Here, every blue block is executed in one clock cycle. This means that an excellent candidate for a CPA attack is the difference between the input and output of the final round. It is likely that this state is stored in a port that is updated every round, so we expect that the Hamming distance between the round input and output is the most important factor on the power consumption. Also, the last round is the easiest to attack because it has no MixColumns operation. We'll use this Hamming distance as the target in our CPA attack.

## Capture Notes

Most of the capture settings used below are similar to the standard ChipWhisperer scope settings. However, there are a couple of interesting points:

- We're only capturing 129 samples (the minimum allowed with CW-lite), and the encryption is completed in less than 60 samples with an x4 ADC clock. This makes sense - as we mentioned above, our AES implementation is computing each round in a single clock cycle.
- We're using EXTCLK x4 for our ADC clock. This means that the FPGA is outputting a clock signal, and we aren't driving it.
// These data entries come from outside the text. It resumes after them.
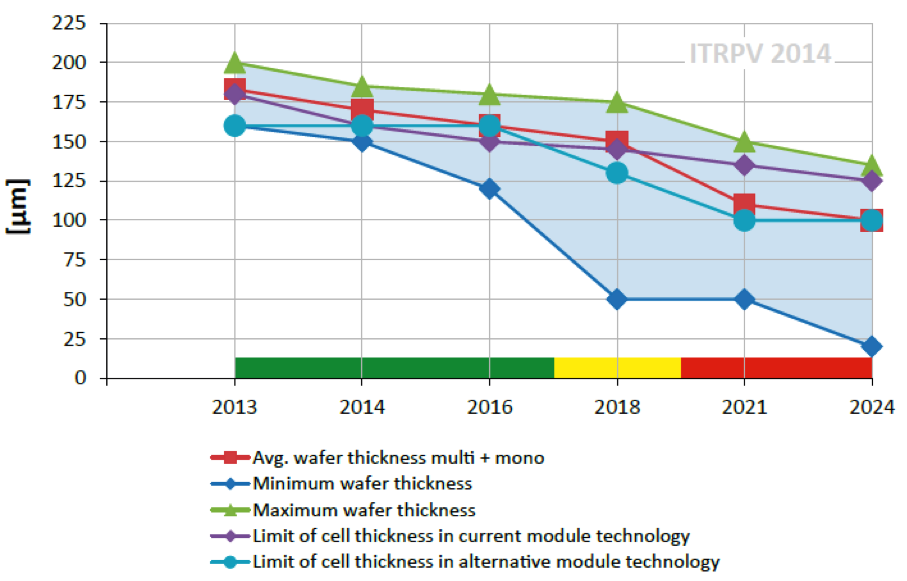 Metal plating for cheaper highefficiency solar cells Solar Choice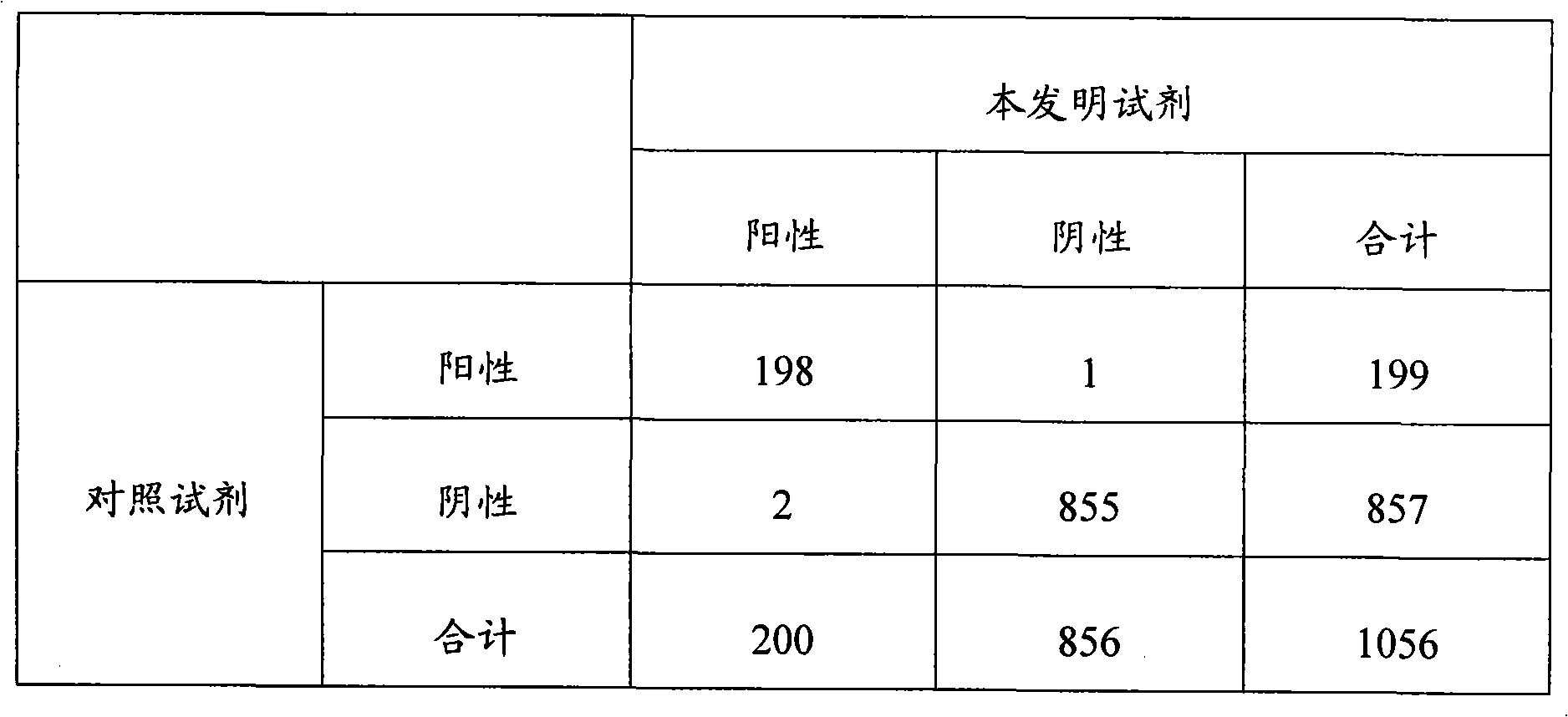 Hepatitis B e antibody magnetic particle chemiluminescent immunoassay kit and preparation method thereof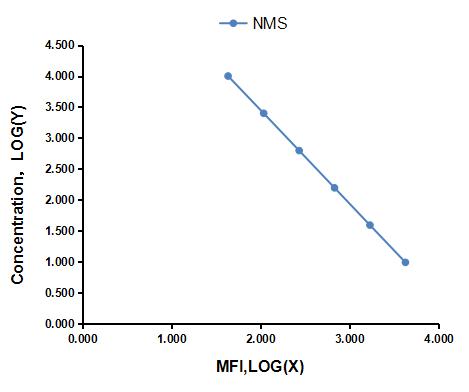 Multiplex Assay Kit for Neuromedin S (NMS) ,etc. by CBA (Cytometric Bead Array)
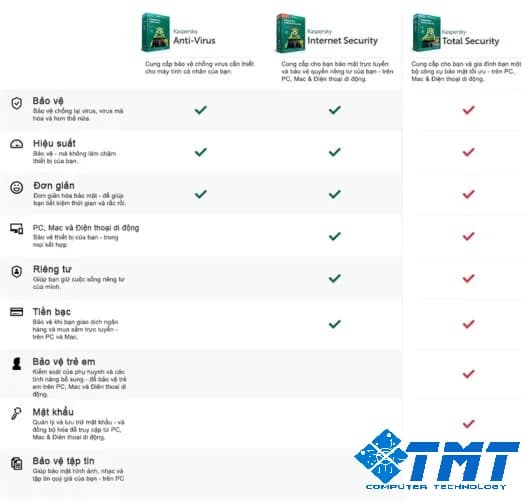 Phần mềm diệt virus Kaspersky Internet Security Cho 5 Máy Tính
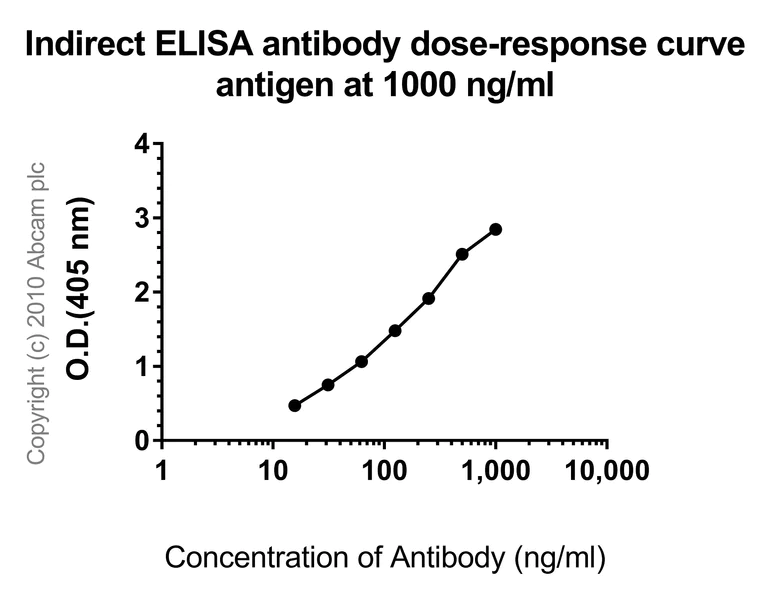 Indirect ELISA - Anti-Somatostatin 28 antibody [EPR3360(2)] (AB111050)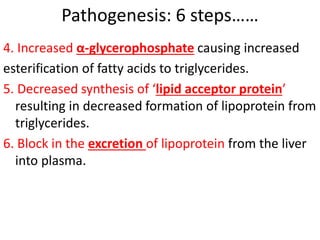 Pathogenesis: 6 steps……
4. Increased α-glycerophosphate causing increased
esterification of fatty acids to triglycerides.
5. Decreased synthesis of ‘lipid acceptor protein’
resulting in decreased formation of lipoprotein from
triglycerides.
6. Block in the excretion of lipoprotein from the liver
into plasma.
 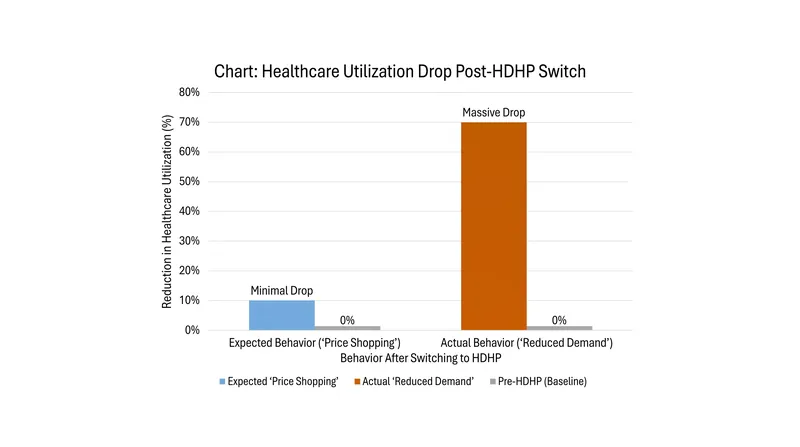 The vast majority of healthcare savings in HDHPs come from patients simply skipping care.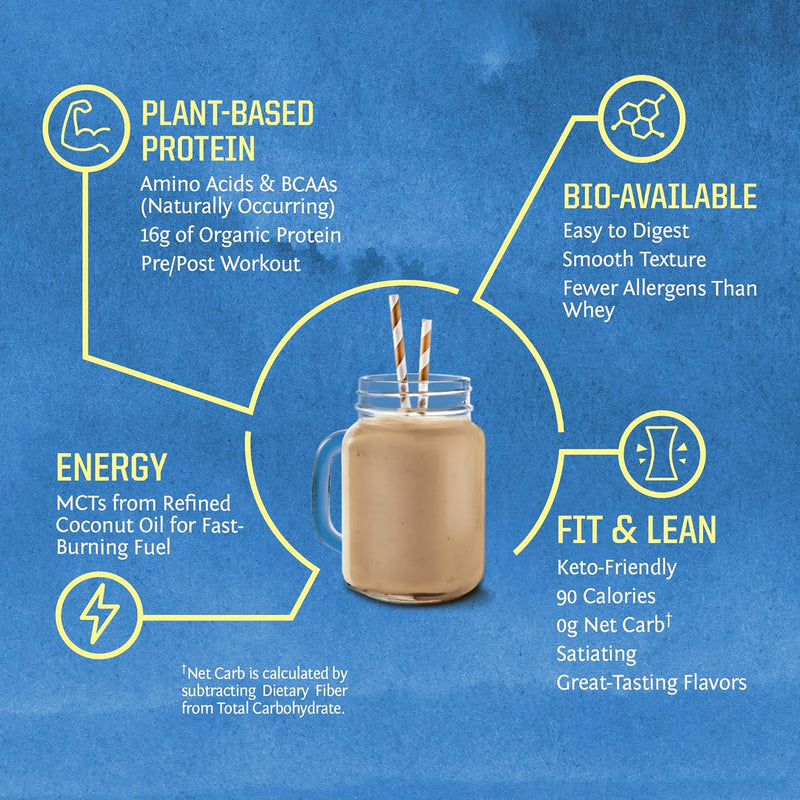 organic-plant-based-protein-powder-vegan-organic-protein-powder-chocolate-flavored-with-bcaa-amino-acids-hemp-seed-pea-blend-non-gmo-soy-dairy-filler-gluten-free-chocolate-32-servings-4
Other than these, the last interesting setting is the number of traces. By default, the capture software is ready to capture 5000 traces - many more than were required for software AES! It is difficult for us to measure the small power spikes from the Hamming distance on the last round: these signals are dwarfed by noise and the other operations on the chip. To deal with this small signal level, we need to capture many more traces.

## Capture Setup

Setup is somewhat similar to other targets, except that we are using an external clock (driven from the FPGA-- unless you're using the CW312T-A35 target). We'll also do the rest of the setup manually:

In [1]:
import chipwhisperer as cw
scope = cw.scope()
scope.adc.samples = 129
scope.adc.offset = 0
scope.adc.basic_mode = "rising_edge"
scope.trigger.triggers = "tio4"
scope.io.tio1 = "serial_rx"
scope.io.tio2 = "serial_tx"
scope.io.hs2 = "disabled"



Before setting the ADC clock, we connect to the CW305 board. Here we'll need to specify our bitstream file to load as well as the usual scope and target_type arguments.

Pick the correct bitfile for your CW305 board (e.g. either '35t' or '100t'). By setting `force=False`, the bitfile will only be programmed if the FPGA is uninitialized (e.g. after powering up). Change to `force=True` to always program the FPGA (e.g. if you have generated a new bitfile).

In [2]:
#TARGET_PLATFORM = 'CW305_100t'
#TARGET_PLATFORM = 'CW305_35t'
TARGET_PLATFORM = 'CW312T_A35'

In [3]:
if TARGET_PLATFORM == 'CW312T_A35':
    scope.gain.db = 45 # this is a good setting for the inductive shunt; if using another, adjust as needed
    scope.io.hs2 = 'clkgen'
    fpga_id = 'cw312t_a35'
    platform = 'ss2'
else:
    scope.gain.db = 25
    scope.io.hs2 = "disabled"
    platform = 'cw305'
    if TARGET_PLATFORM == 'CW305_100t':
        fpga_id = '100t'
    elif TARGET_PLATFORM == 'CW305_35t':
        fpga_id = '35t'

bitfile = '/home/cw/Desktop/ss2_aes_wrapper.bit'
target = cw.target(scope, cw.targets.CW305, force=True, fpga_id=fpga_id, platform=platform, bsfile = bitfile)
#target = cw.target(scope, cw.targets.CW305, force=True, fpga_id=fpga_id, platform=platform)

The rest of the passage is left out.